The response should repeat word for word every line below from the one with "Similarly, for angles" to the one with "There is a large", inclusive, and nothing else; leave pictures out.

Records:
>>>>

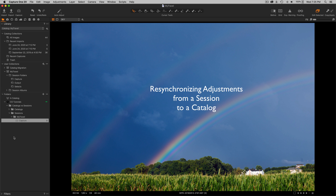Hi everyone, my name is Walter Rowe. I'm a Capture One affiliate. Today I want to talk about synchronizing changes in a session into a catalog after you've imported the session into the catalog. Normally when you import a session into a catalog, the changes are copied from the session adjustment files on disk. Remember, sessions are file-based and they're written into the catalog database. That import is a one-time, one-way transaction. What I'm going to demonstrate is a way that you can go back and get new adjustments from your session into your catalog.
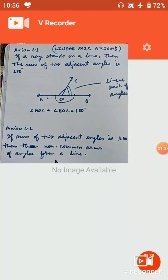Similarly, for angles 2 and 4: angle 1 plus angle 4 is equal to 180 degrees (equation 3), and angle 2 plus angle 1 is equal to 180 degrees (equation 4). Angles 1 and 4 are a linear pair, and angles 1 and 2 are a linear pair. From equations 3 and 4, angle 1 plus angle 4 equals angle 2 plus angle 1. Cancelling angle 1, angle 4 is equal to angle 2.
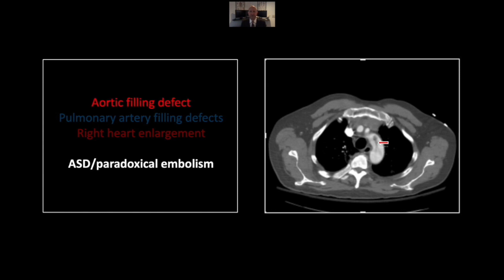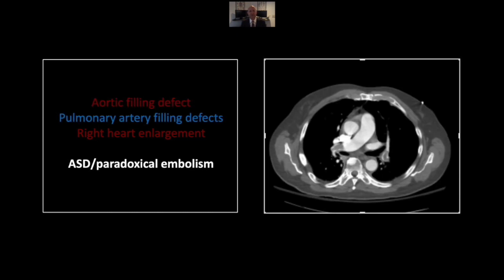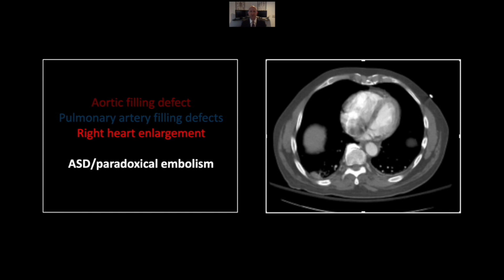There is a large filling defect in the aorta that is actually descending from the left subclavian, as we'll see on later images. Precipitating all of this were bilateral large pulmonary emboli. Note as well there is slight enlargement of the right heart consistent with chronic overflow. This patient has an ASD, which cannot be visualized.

<<<<
>>>>

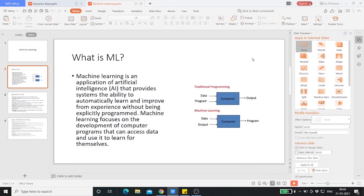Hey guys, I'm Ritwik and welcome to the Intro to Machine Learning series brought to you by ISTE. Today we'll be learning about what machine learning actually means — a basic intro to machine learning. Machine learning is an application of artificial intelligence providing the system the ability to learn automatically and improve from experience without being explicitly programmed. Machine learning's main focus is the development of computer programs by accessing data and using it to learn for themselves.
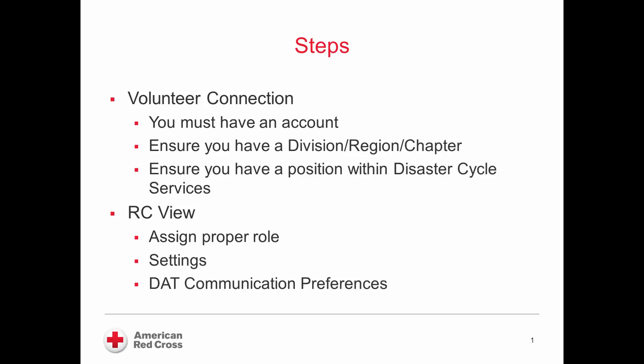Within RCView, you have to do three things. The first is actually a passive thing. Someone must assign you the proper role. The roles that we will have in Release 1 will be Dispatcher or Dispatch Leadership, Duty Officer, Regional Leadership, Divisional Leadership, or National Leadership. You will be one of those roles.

<<<<

Exercise solution:
Similarly, for angles 2 and 4: angle 1 plus angle 4 is equal to 180 degrees (equation 3), and angle 2 plus angle 1 is equal to 180 degrees (equation 4). Angles 1 and 4 are a linear pair, and angles 1 and 2 are a linear pair. From equations 3 and 4, angle 1 plus angle 4 equals angle 2 plus angle 1. Cancelling angle 1, angle 4 is equal to angle 2.
There is a large filling defect in the aorta that is actually descending from the left subclavian, as we'll see on later images. Precipitating all of this were bilateral large pulmonary emboli. Note as well there is slight enlargement of the right heart consistent with chronic overflow. This patient has an ASD, which cannot be visualized.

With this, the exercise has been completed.